# IEEE-CIS Fraud Detection 
In this dataset contains about 590K records of online transactions. Purpose is to detect if the transaction is fraudulent or not. This would be the binary classification problem

Data: https://www.kaggle.com/c/ieee-fraud-detection

Reference Kernel: https://www.kaggle.com/plasticgrammer/ieee-cis-fraud-detection-playground/data


In [None]:
import numpy as np 
import pandas as pd 
from sklearn.feature_selection import SelectKBest, chi2,f_classif
from sklearn.preprocessing import MinMaxScaler
import seaborn as sns
from sklearn.model_selection import train_test_split

We use the following code to reduce the memory use while importing the file data into Pandas DF

In [None]:
def reduce_mem_usage(df):
    """ iterate through all the columns of a dataframe and modify the data type
        to reduce memory usage.        
    """
    start_mem = df.memory_usage().sum() / 1024**2
    print('Memory usage of dataframe is {:.2f} MB'.format(start_mem))
    
    for col in df.columns:
        col_type = df[col].dtype
        
        if col_type != object:
            c_min = df[col].min()
            c_max = df[col].max()
            if str(col_type)[:3] == 'int':
                if c_min > np.iinfo(np.int8).min and c_max < np.iinfo(np.int8).max:
                    df[col] = df[col].astype(np.int8)
                elif c_min > np.iinfo(np.int16).min and c_max < np.iinfo(np.int16).max:
                    df[col] = df[col].astype(np.int16)
                elif c_min > np.iinfo(np.int32).min and c_max < np.iinfo(np.int32).max:
                    df[col] = df[col].astype(np.int32)
                elif c_min > np.iinfo(np.int64).min and c_max < np.iinfo(np.int64).max:
                    df[col] = df[col].astype(np.int64)  
            else:
                if c_min > np.finfo(np.float16).min and c_max < np.finfo(np.float16).max:
                    df[col] = df[col].astype(np.float16)
                elif c_min > np.finfo(np.float32).min and c_max < np.finfo(np.float32).max:
                    df[col] = df[col].astype(np.float32)
                else:
                    df[col] = df[col].astype(np.float64)
        else:
            df[col] = df[col].astype('category')

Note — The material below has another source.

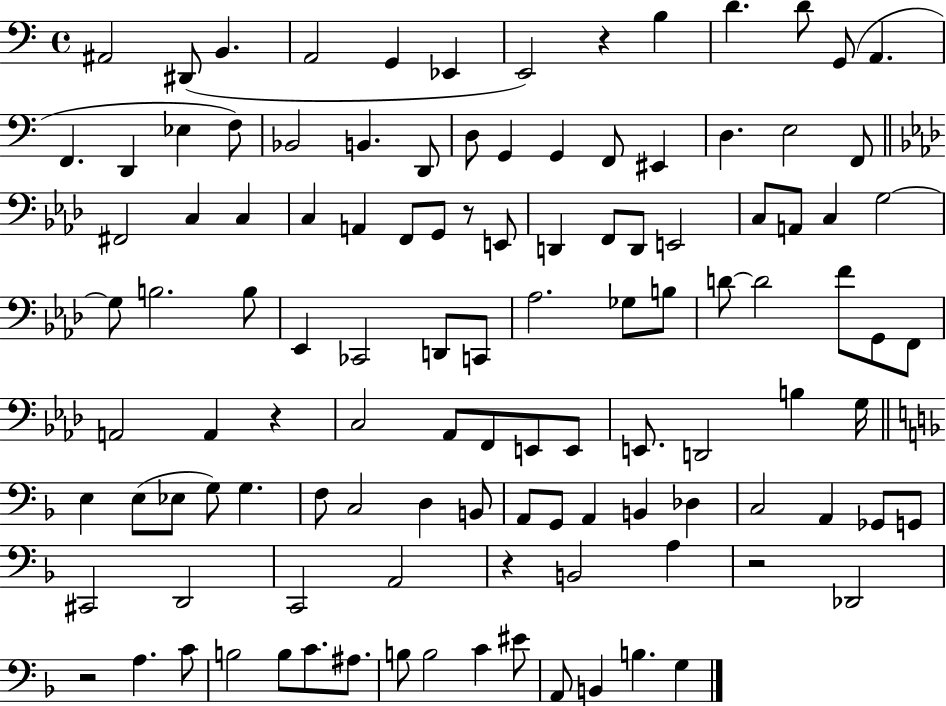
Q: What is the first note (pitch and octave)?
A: A#2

    end_mem = df.memory_usage().sum() / 1024**2
    print('Memory usage after optimization is: {:.2f} MB'.format(end_mem))
    print('Decreased by {:.1f}%'.format(100 * (start_mem - end_mem) / start_mem))
    
    return df


def import_data(file):
    """create a dataframe and optimize its memory usage"""
    df = pd.read_csv(file, parse_dates=True, keep_date_col=True)
    df = reduce_mem_usage(df)
    return df

Let us see what files are there in the kernel data

In [None]:
! ls ../input/ieee-fraud-detection/

Importing the data

In [None]:
#!ls ../input/ieee-fraud-detection
df_transacation = import_data('../input/ieee-fraud-detection/train_transaction.csv')
df_identity = import_data('../input/ieee-fraud-detection/train_identity.csv')


We can see that there are 2 training datasets, one is related to transaction and other is related to identity. Shape of those DFs are given below

In [None]:
print(df_transacation.shape, df_identity.shape)

We can learn that we don't have identity data for all the transactions. Let us try to  understand more about it

In [None]:
df_transacation.head()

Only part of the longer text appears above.